Engineering requires sequence, symmetry, verification, and buffers. It requires preparing for diplomatic wobble.

Malaysia must anticipate nationalist rhetoric. It must anticipate spoilers, including informal military-business networks that benefit from confrontation.

Cambodia’s most prominent spoiler remains former prime minister Hun Sen, whose “shadow command” still shapes military incentives and elite behaviour.

Preparing for failure is not pessimism; it is resilience-cum-realism.

The Thai and Cambodian conflict is an extremely serious one. Asean did not mismanage it. Asean has always wanted the two sides to overcome their differences when flashpoints occured time and again in 2008 and 2011.

It’s unfortunate that it has ruptured into a serious border war in the latter half of 2025.

Malaysia cannot compensate for Asean’s non-interference reflex unless both sides genuinely want peace. Nor can Kuala Lumpur mediate effectively – even with the support of the US and China – if Bangkok and Phnom Penh treat diplomacy as theatre.

Thus military-to-military coordination across all combatants and facilitators matters – not to choreograph combat, but to avoid radar, drone, or satellite misreads.

Both sides have already agreed to utilise US satellite intelligence to map troop movements and shelling patterns. That step must be institutionalised.

Humanitarian logic must follow:

  • Corridors, evacuations, shared operating procedures, and mutually recognised safe zones.

These are not moral gestures; they create shared incentives to avoid war crimes and civilian mass casualties.

  • Economic stabilisation must come next.

Silence becomes cooperation only when revenue flows return, markets reopen, and supply chains resume. De-escalation must be economically rewarding, not merely militarily convenient.

  • Independent verification separates allegation from fact.

Social media narratives in Cambodia alleging the execution of 18 captured soldiers were defused only when the International Committee of the Red Cross verified their survival. Without verification, rumours become triggers.

  • No ceasefire is “naturally” permanent.

Permanence is constructed through supervision, reciprocity, and deterrence. It requires simultaneous – not unilateral – stand-downs. It requires mapping rather than ambiguity.

Asean cannot absorb another frozen conflict.

It is already paralysed by Rakhine in Myanmar.

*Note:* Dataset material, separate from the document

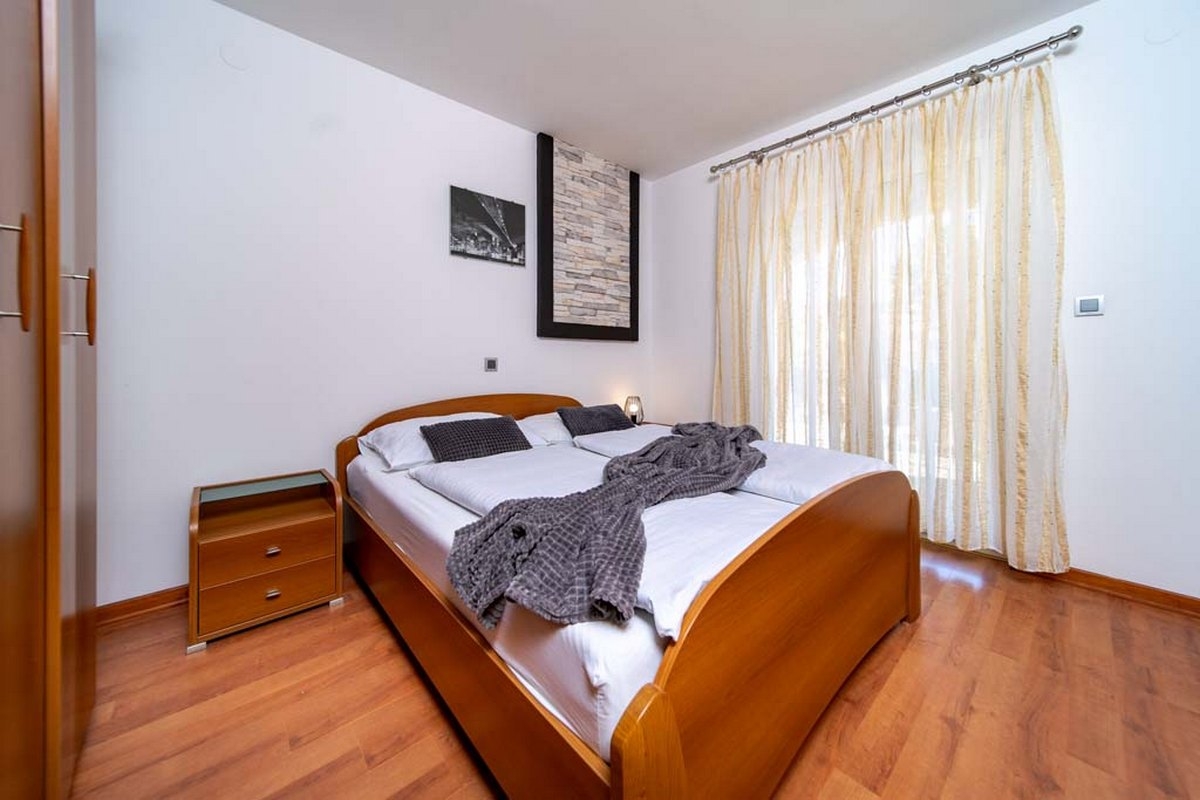 Two bedroom apartment with terrace Lopar, Rab  A-b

The South China Sea remains militarised.

Southern Thailand simmers. Even the Aceh settlement risks stress after catastrophic flooding killed more than 1,000 people across Sumatra in November 2025.

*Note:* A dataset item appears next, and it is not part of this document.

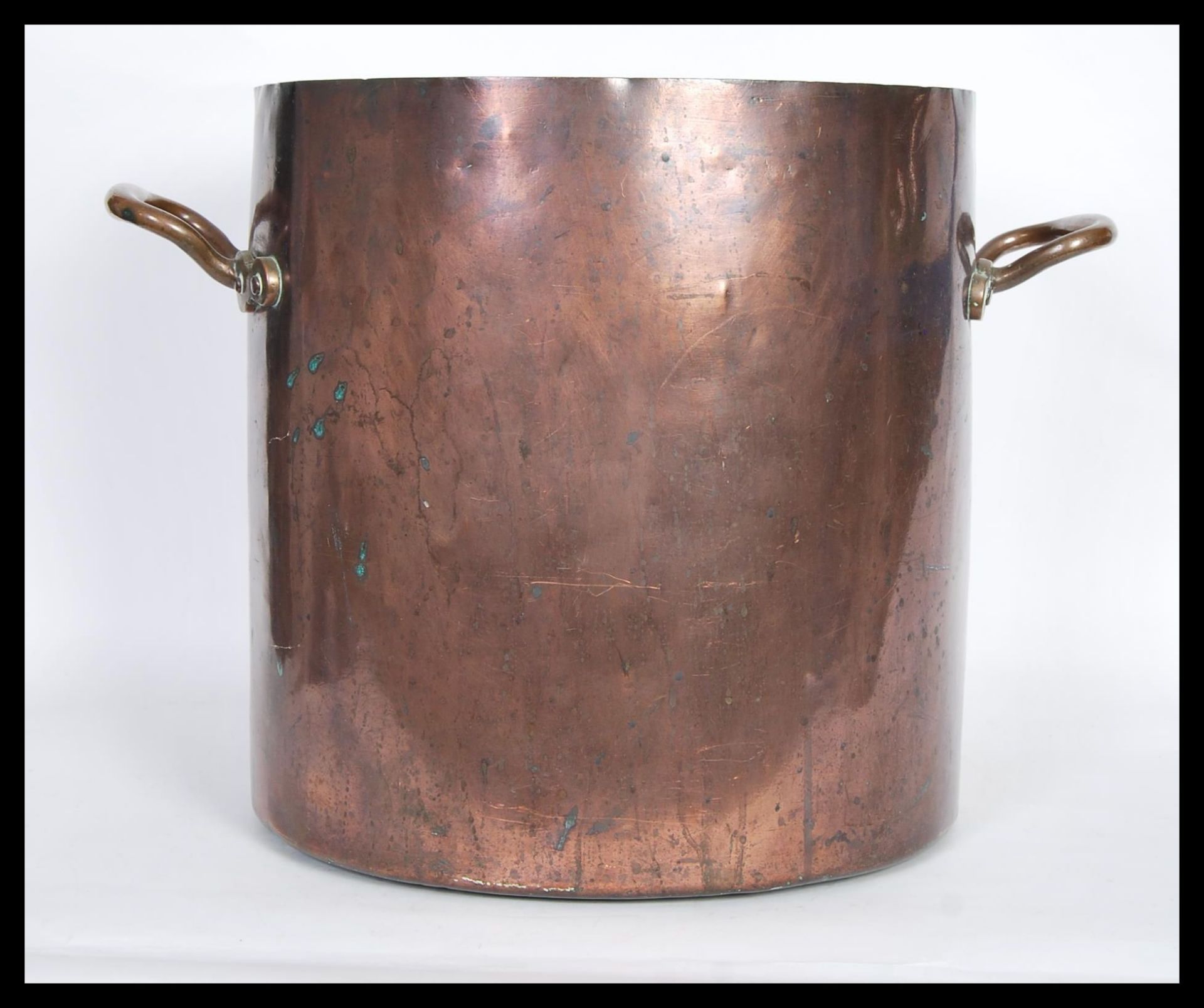 A large 19th Century Country House copper pan of tall form having cylindrical body with shaped - Bild 3 aus 5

Normalising artillery duels between Cambodia and Thailand would corrode the idea of Asean as a security community and reduce regional leadership to commentary. The stakes exceed Preah Vihear or Sisaket.

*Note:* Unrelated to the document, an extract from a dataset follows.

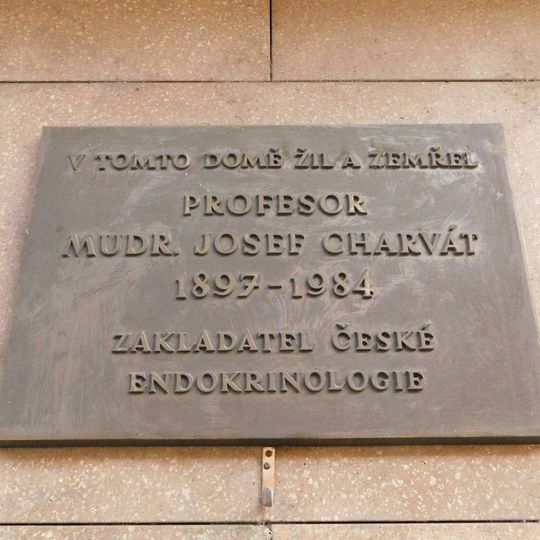 Pamětní deska MUDr. Josefa Charváta v Ostrovní ulici v Praze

They test whether Southeast Asia can discipline its own battlefield. They test whether Asean can impose structure on violence. Malaysia’s success will not come from optimism.

It will come from designing mechanisms that prevent breakdown from becoming irreversible.

That is why failure of a permanent ceasefire between Cambodia and Thailand is not an option – because the alternative is regional decay. - FMT

The views expressed are those of the writer and do not necessarily reflect those of MMKtT.